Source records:

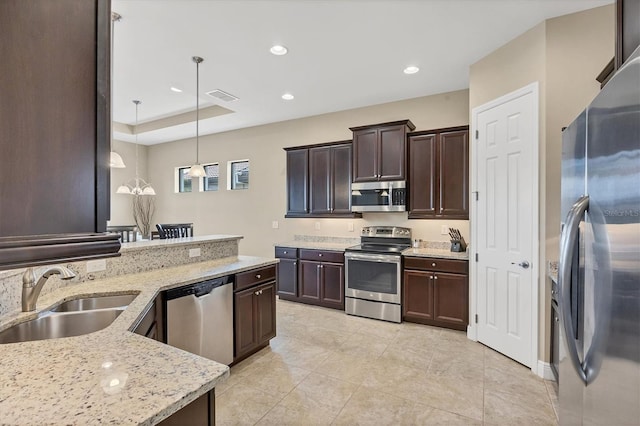 1290 Cielo Ct, North Venice, FL 34275 - kitchen featuring appliances with stainless steel finishes, a sink, pendant lighting, dark brown cabinetry, and light stone countertops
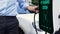 Businessman recharge his electric car from charging station. Peruse
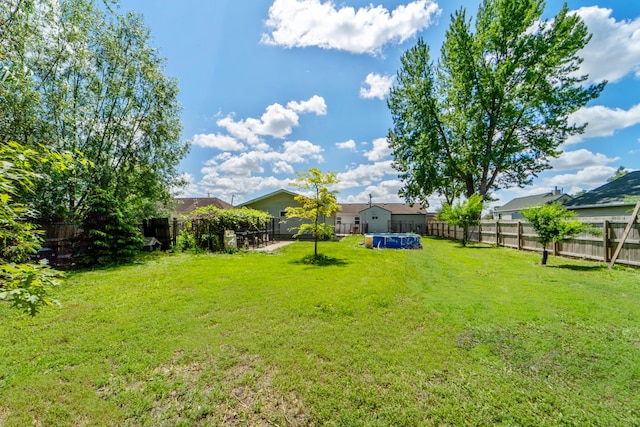225 NW 50th Pl, Des Moines, IA 50313 - view of yard with a pool
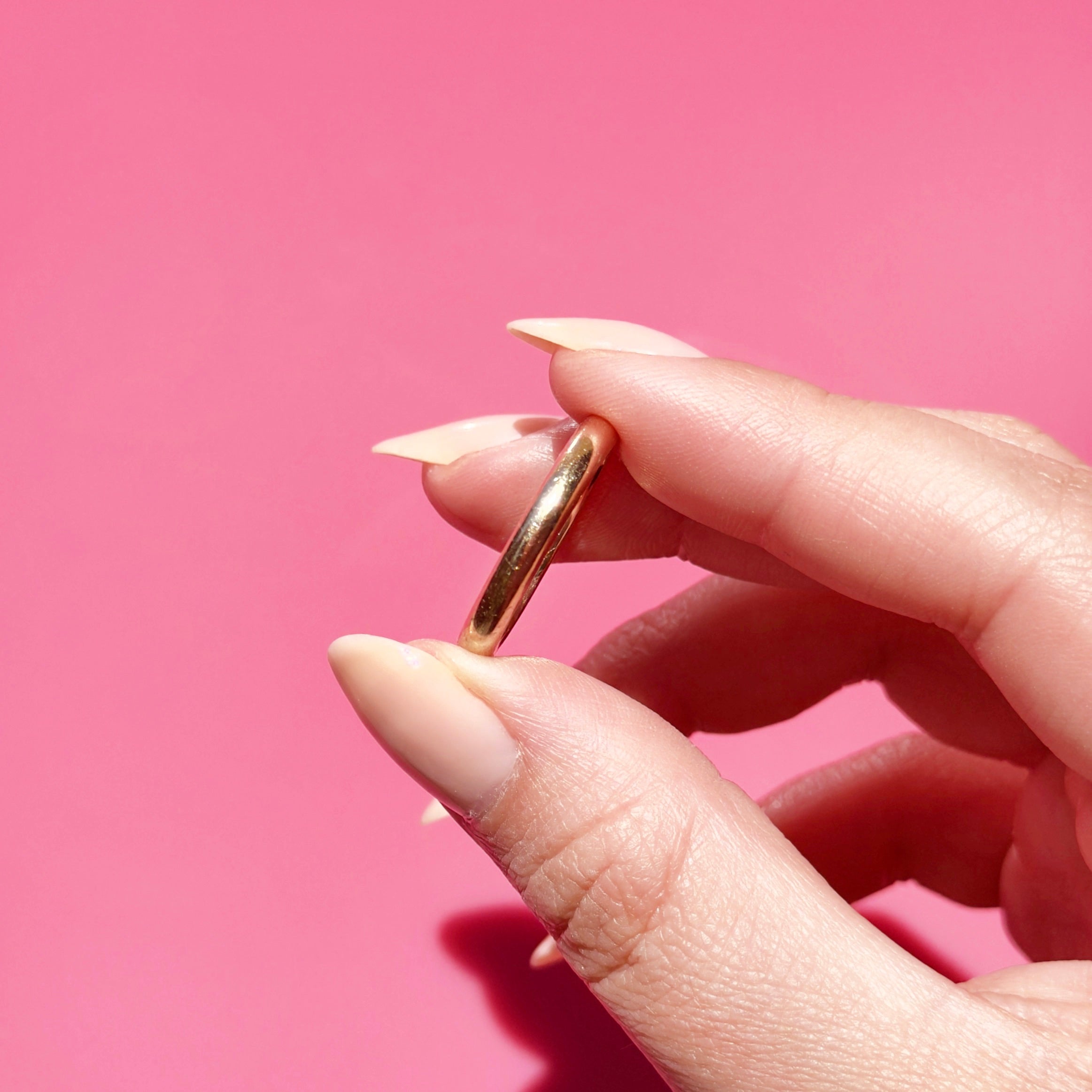 Antique gold ring held between fingers against a pink background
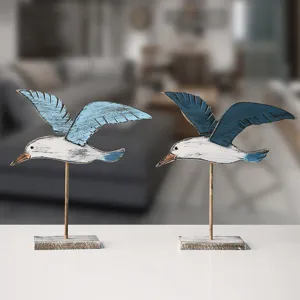 Vintage wooden seagull figurine coastal bird tabletop decor for home living room shelf ornament.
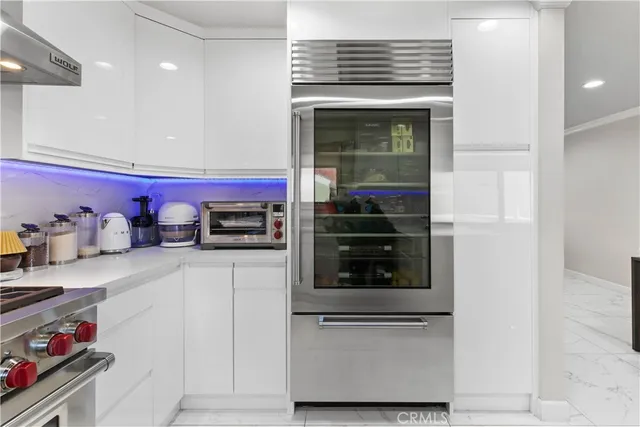 a view with a sink and chairs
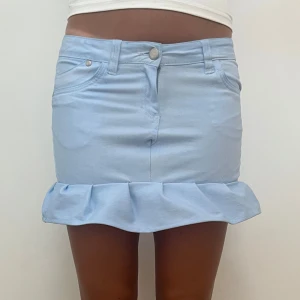 Ljusblå jeanskjol med volangkant - Supersöt ljusblå kort jeanskjol med volang längst ner. Kjolen har klassiska jeansdetaljer som fickor fram och bak, bälteshällor och knappstängning. Perfekt för dig som vill ha en söt och trendig look till sommaren.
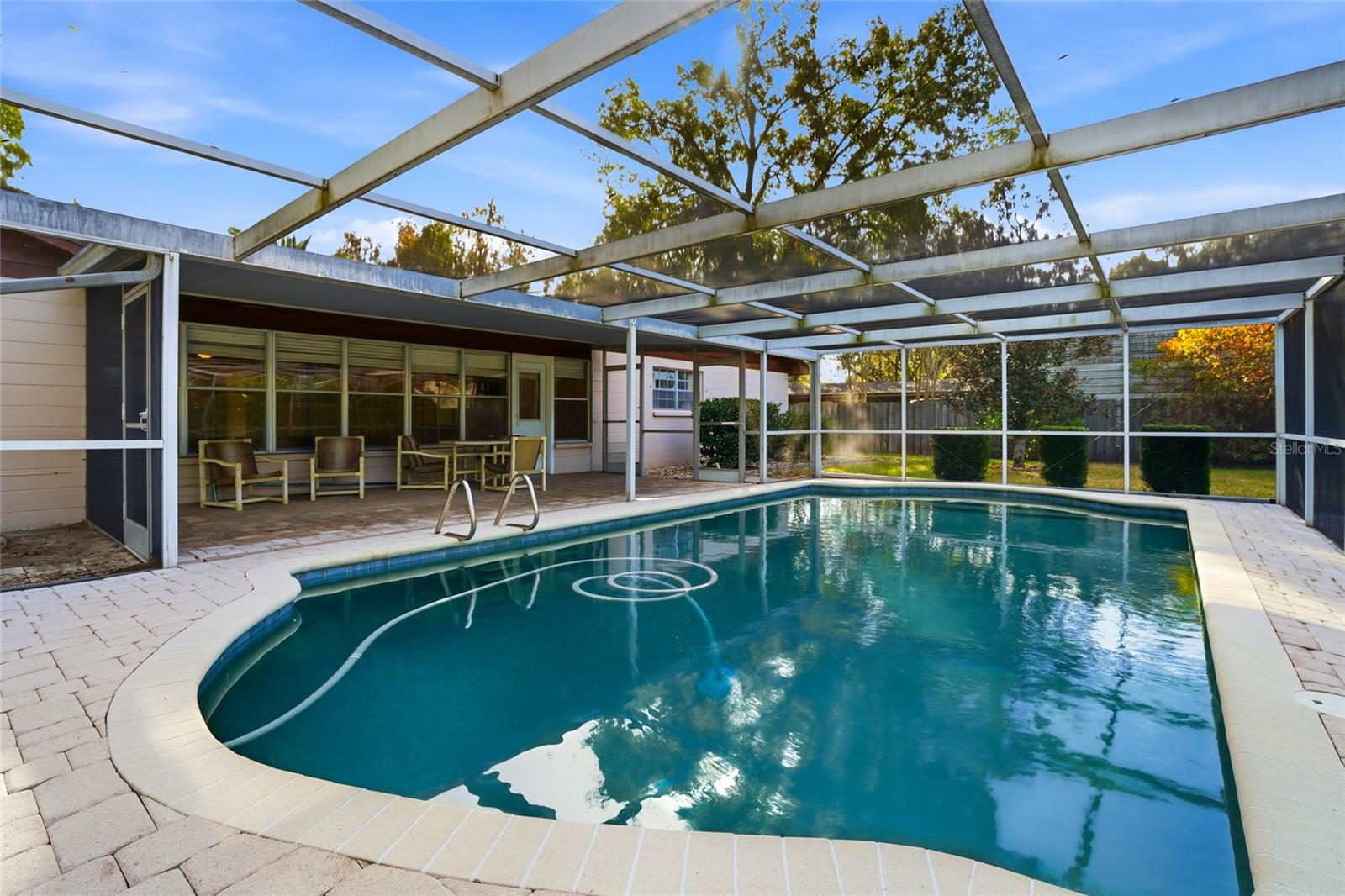 Beautiful pebble finish on this sparkling pool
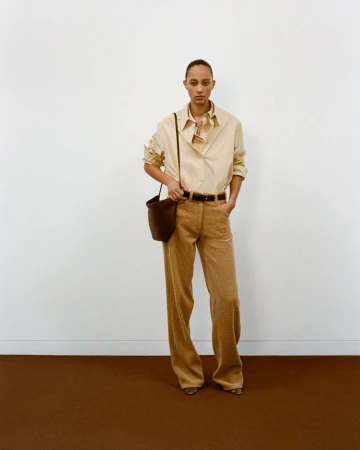 Adult female in a tan shirt and trousers, carrying a dark brown bucket bag, poses indoors against a white and brown background.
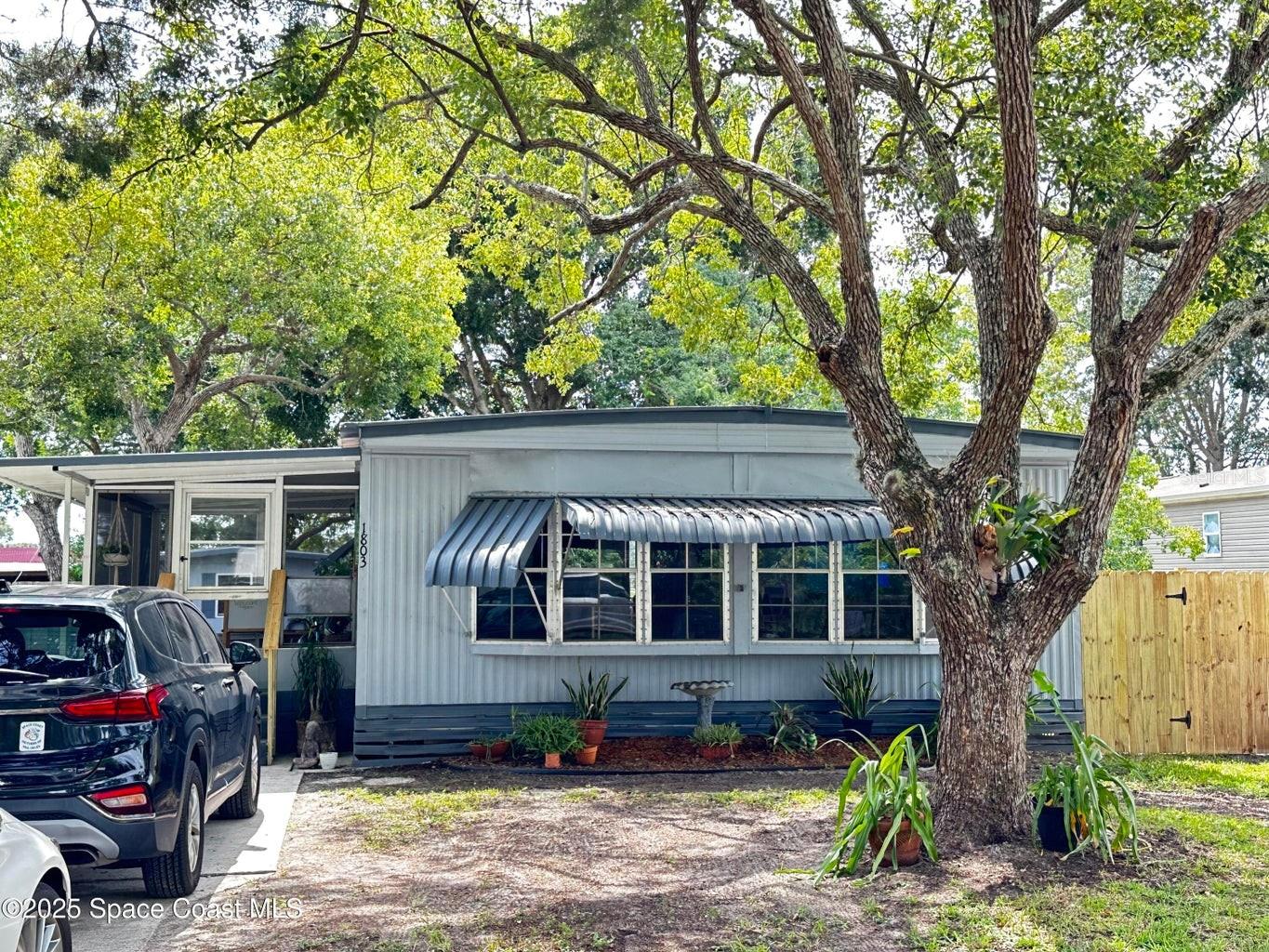 Welcome Home to a 3BR/2BA Beautifully updated Open concept floor plan home with large bay windows that bring in tons of natural light. Enter through our front porch patio with plenty of cover for relaxing during those hot or rainy Florida days. The front patio will take you to the front door that opens up to a large totally remodeled Great Room equipped with a breakfast bar, dining area and Great Room with plenty of room for your family. This home boasts 3 bedrooms and 2 Baths. Third bedroom in the back of the house can be accessed from the main home and from the back porch having tons of potential as a craft room, private office or man cave. But that's not all, imagine relaxing on your back patio overlooking your fenced yard enjoying your private fish pond located on a small corner of your back patio. Lastly enjoy working in your very own 15 x 11 work shop.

About this task: Write out exactly the lines between the start of the data and the line with "Antique gold ring", including both, but none of the pictures.

Answer area:
 1290 Cielo Ct, North Venice, FL 34275 - kitchen featuring appliances with stainless steel finishes, a sink, pendant lighting, dark brown cabinetry, and light stone countertops
 Businessman recharge his electric car from charging station. Peruse
225 NW 50th Pl, Des Moines, IA 50313 - view of yard with a pool
 Antique gold ring held between fingers against a pink background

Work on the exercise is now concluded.